TASK INSTRUCTIONS: Beginning with the line that contains "1310-1310 Mine Hill", transcribe the rest of the listing below exactly, including its last line, and exclude any pictures.

INFORMATION PROVIDED:
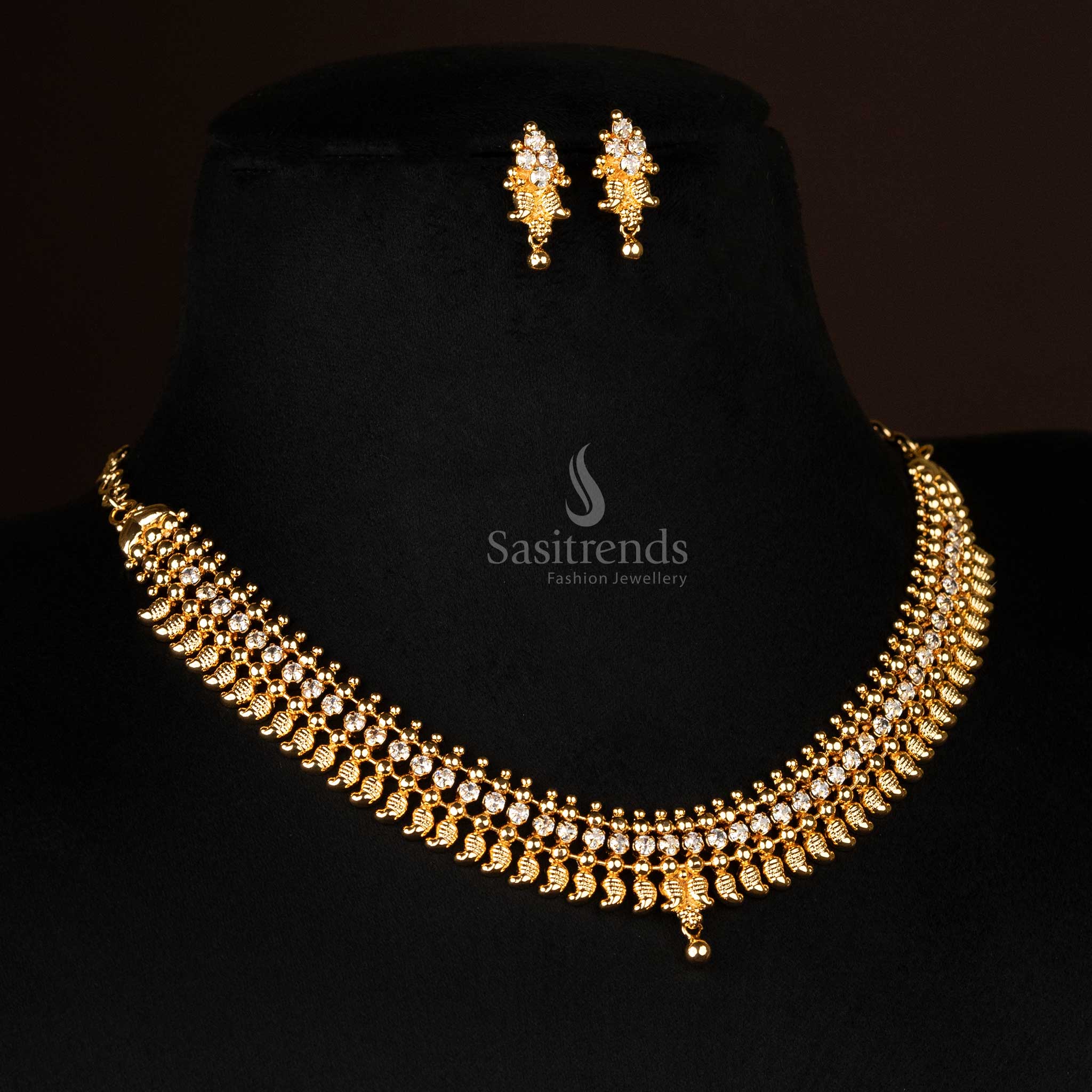 White micro gold-plated mango motif necklace with earrings - Sasitrends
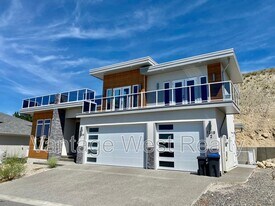 1310-1310 Mine Hill Dr in Kelowna, BC - Building Photo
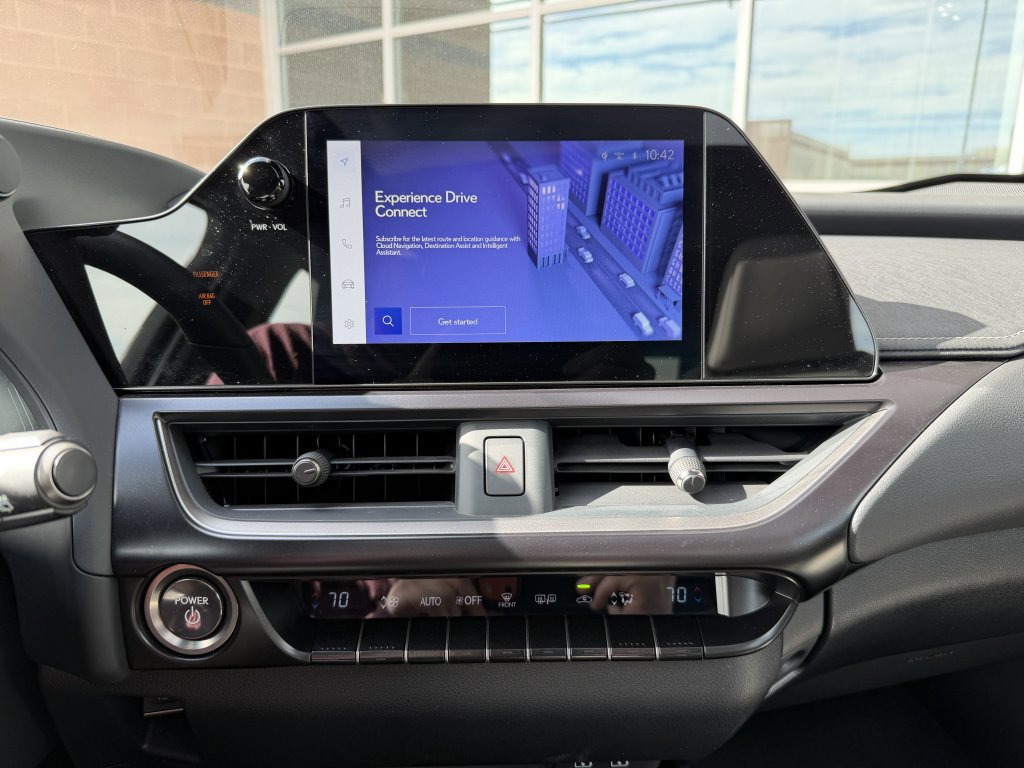 Used 2024 Lexus UX 250h FWD image 19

SOLUTION TO THIS TASK:
 1310-1310 Mine Hill Dr in Kelowna, BC - Building Photo
 Used 2024 Lexus UX 250h FWD image 19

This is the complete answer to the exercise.